Anaya Cassin is turning two in a few months. For someone with Infantile Krabbe Leukodystrophy this is huge. The average life expectancy of a baby with Krabbe is 13 months.
“She wasn’t supposed to live until two,” said Camara Cassin, Anaya’s mom, who lives in Nelson, B.C. “They’ve told us that she would probably die in her first year.”
Anaya relies on donated breast milk for survival. She can’t feed on the breast—due to loss of muscle coordination, she chokes on the milk. And because Anaya wasn’t feeding, Cassin started losing her milk supply.
Formula wasn’t an option. “She would just get horrendously sick,” Cassin explained. “Some friends of mine offered their breast milk and I kept pumping as much as I could. We got her back on a breast milk only diet, and it made a world of difference,” said Cassin. Anaya started gaining weight and has been on a breast milk diet ever since.
Looking for donated milk was difficult. There’s only one milk bank in Canada, the B.C. Women’s Milk Bank in Vancouver, and infants in the neonatal intensive care unit get priority over the limited milk supply. And while the milk is free to in-patients at the B.C. Women’s and Children’s hospitals, it’s an expensive option to other recipients at $5 per 120 ml plus the cost of shipping. The charge is not for the milk itself but for the cost of screening donors and processing.
As a last resort, Cassin went online, using Facebook and her website, to find healthy donors. That’s when people started to respond.
“We’ve had milk from as far as Nova Scotia,” said Cassin. Purolator is sponsoring milk shipment for Anaya from Canadian donors.
Cassin’s story may be extreme, but she’s not alone in needing donated human milk.

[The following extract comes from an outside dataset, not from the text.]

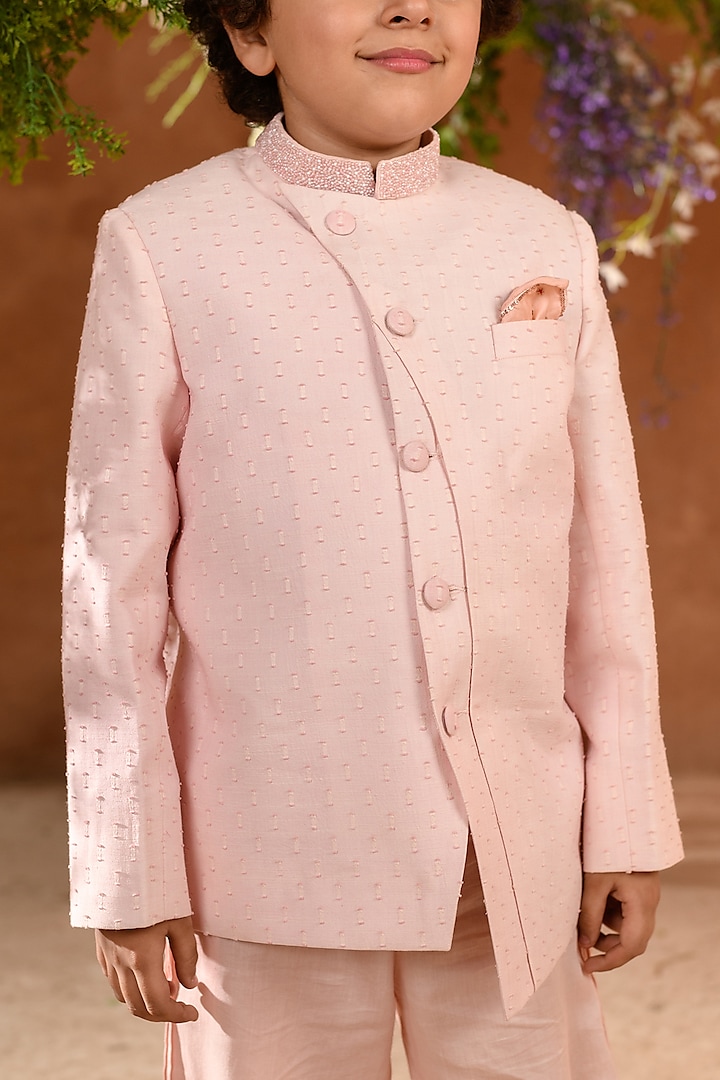 Pink Cotton Dobby Jodhpuri Set For Boys by Littleens at Pernia's Pop Up Shop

Emma Kwasnica, a Montreal breastfeeding activist, cites some common reasons. Some mothers are physically unable to breastfeed or have chronic low milk supply. Other times, the mother is hospitalized and can’t feed her baby. There are also adoptive families who choose to use human milk instead of formula because it’s healthier.
“A friend of mine was working in Indonesia and adopted a baby boy. He’d asked me ‘Do you think I could feed this baby breast milk instead of infant baby formula?’” said Kwasnica. She posted it on her Facebook status, and sure enough, a friend responded.

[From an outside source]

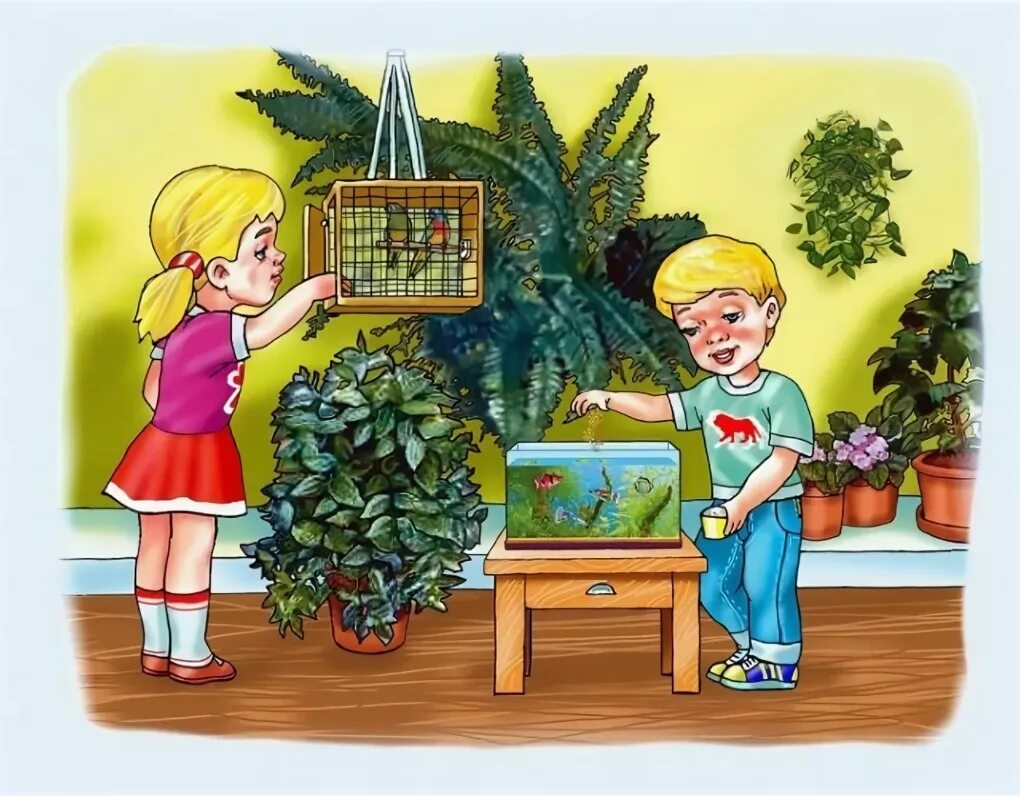 В живом уголке 4. Сюжетные картины для детского сада. Растения в детском саду. Комнатные растения для детей. Дети в живом уголке.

“There’s been eight lactating mothers who had been feeding this baby and he had no formula. He’ll be a year old in August.”
She thought, if this was something that could help one baby, it could help many others. Human Milk 4 Human Babies (HM4HB) was then born, an online network where people can donate and receive free milk. There are now 130 HM4HB communities on Facebook representing 52 countries.
Health Canada issued a health advisory last year alerting people of the dangers of sharing donated milk beyond a milk bank setting, where samples are repeatedly tested for safety. Issues include the possibility of transmitting diseases, like HIV, and food poisoning through contaminated milk.
Kwasnica said that with the spread of breast milk black market Health Canada should have created milk sharing guidelines instead. “(Mothers are) going to do this anyway, so why not give them the information to be able to do it safely?”
Before accepting donor milk, it’s not unusual for recipients to ask about their donor’s health, have blood tests done and to meet in person if possible. Many also do home pasteurization as an additional safety precaution.
“Families are absolutely weighing the risk,” said Kwasnica. “There’s no milk bank to turn to.”
Alberta, Ontario and Quebec are looking into establishing donor milk banks, said Frances Jones, coordinator of the B.C. Women’s Milk Bank.
“In the last fiscal year, (the Milk Bank) had 2,004 recipients, distributed about 55,000 ounces and had about 120 donors. We receive more requests than we can currently fill as we hear from families across Canada,” she said. “In the future, I hope there’ll be regional banks across Canada so any child in medical need could have access to donor milk.”
As for Anaya, she still has a deep freeze full of milk to last her a while. For now, it’s one less thing to worry about.